As Spuehler knows well, it is also a pleasure that entwines with family life. He met his first wife, Jane, at a soiree soon after his arrival in Los Angeles in 1964 and, until her death in 1998, much of their schedule revolved around playing violin and cello in string quartets. They were in high demand as a team.

But where music filled the Spuehlers' social calendar, for other players it's an enthusiasm that can destroy marriages, devour leisure time and exact handsome costs for paying coaches, scheduling chamber music vacations and buying precious string instruments valued well into the six figures.

"People steal off under the cover of night to avoid making the nonmusical spouse angry," said Schneider, whose wife drew the line at his plans to attend not one, two or three but four summer music festivals.

On the plus side, new couples meet at the festivals, and some workshops even attract families with kids' day camp programs — Johnny can fish for bass while Mom's rehearsing Schubert's "Trout" Quintet.

"I don't have to ration my vacation time to see children and grandchildren," says Margaret Bowles, a flutist who works as assistant head of academics at the Viewpoint School in Calabasas. In the summer, she attends the Lake MacDonald Music Centre (www.cammac.ca) in Quebec, which offers separate programs for toddlers and adolescents.

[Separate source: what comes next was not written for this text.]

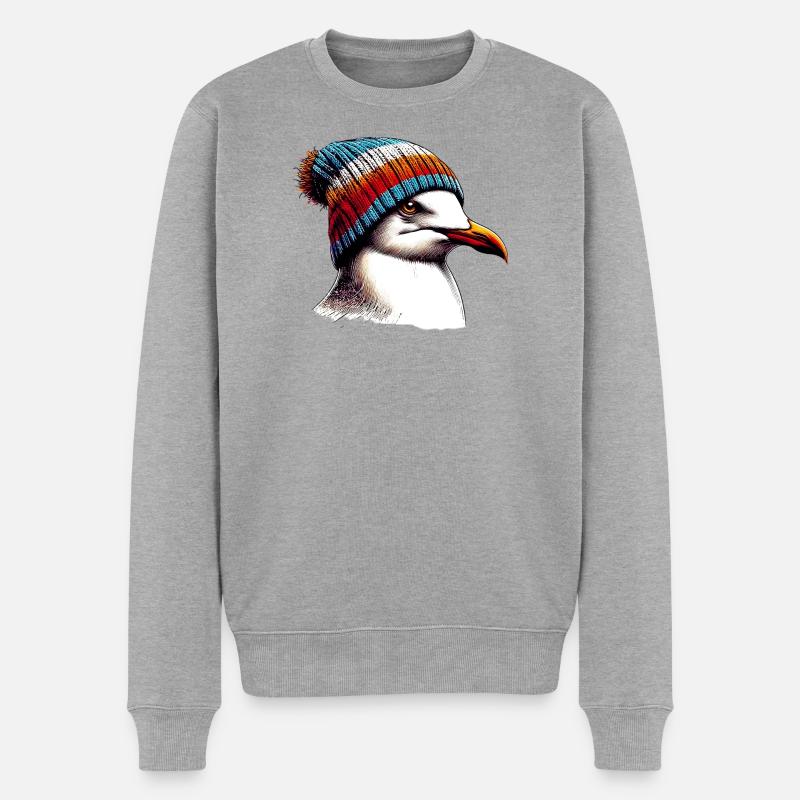 Möwe - Männer Premium Bio Pullover - Grau meliert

Bowles also participates in the women-only Tuesday Musicale, which presents monthly concerts at the Pasadena Public Library. The St. Cecilia Chamber Music Society, which meets in private homes throughout Los Angeles, is yet more exclusive, limiting its membership to 30 musicians and presenting private house concerts redolent of Victorian elegance.



Just for the fun of it

QUALITY runs so high that it's sometimes difficult to differentiate amateur from professional in a city such as Los Angeles, where people define themselves in myriad ways. Some combine teaching, coaching and the occasional paying gig with playing for fun in living rooms. Others integrate music with their day jobs.

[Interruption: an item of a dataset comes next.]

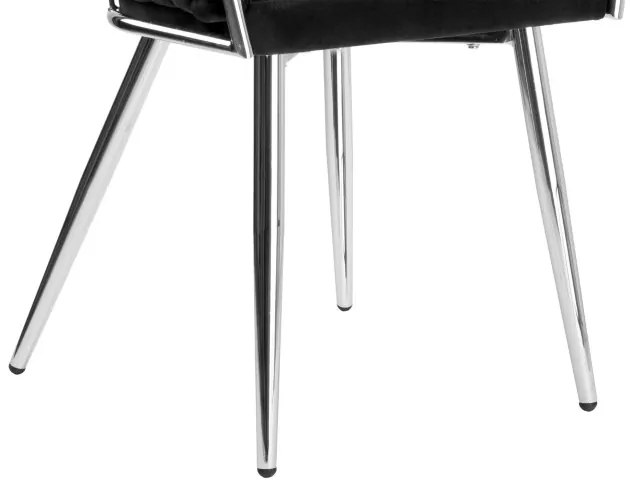 Jedálenská stolička COFTON zamatová, strieborná / čierna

"I try and find a way to bring music into the classroom whenever I can," says Bowles, who plans to play a recording of Tchaikovsky's "Hamlet" Overture to some Shakespeare students. Barbara Ebert, a pianist who majored in music at UCLA, plays in the amateur Tuesday Musicale but also works as music director of Opera Pasadena; and cellist Judy Cain plays amateur concerts while refining her Baroque viola da gamba technique and working with trios on paid wedding gigs.

"My pay is to do it as well as I can," says Jo Ann Hakonsson, a retired nurse who has performed with New York City Opera but now plays violin for fun. "Music is a challenge to me, and I want to do what the composer intended."

Hakonsson's attitude toward remuneration may surprise the dedicated classical listener who reveres professionals playing at Walt Disney Concert Hall and other major venues. But until 1964, when the New York Philharmonic became the first full-time orchestra in America, most American musicians considered their instruments an occasional treat rather than a career.

"I play cello the way I cook," says Cain, who works in a downtown brokerage house. "When I make a meal, I don't have to be Julia Child — even if I am using her recipe."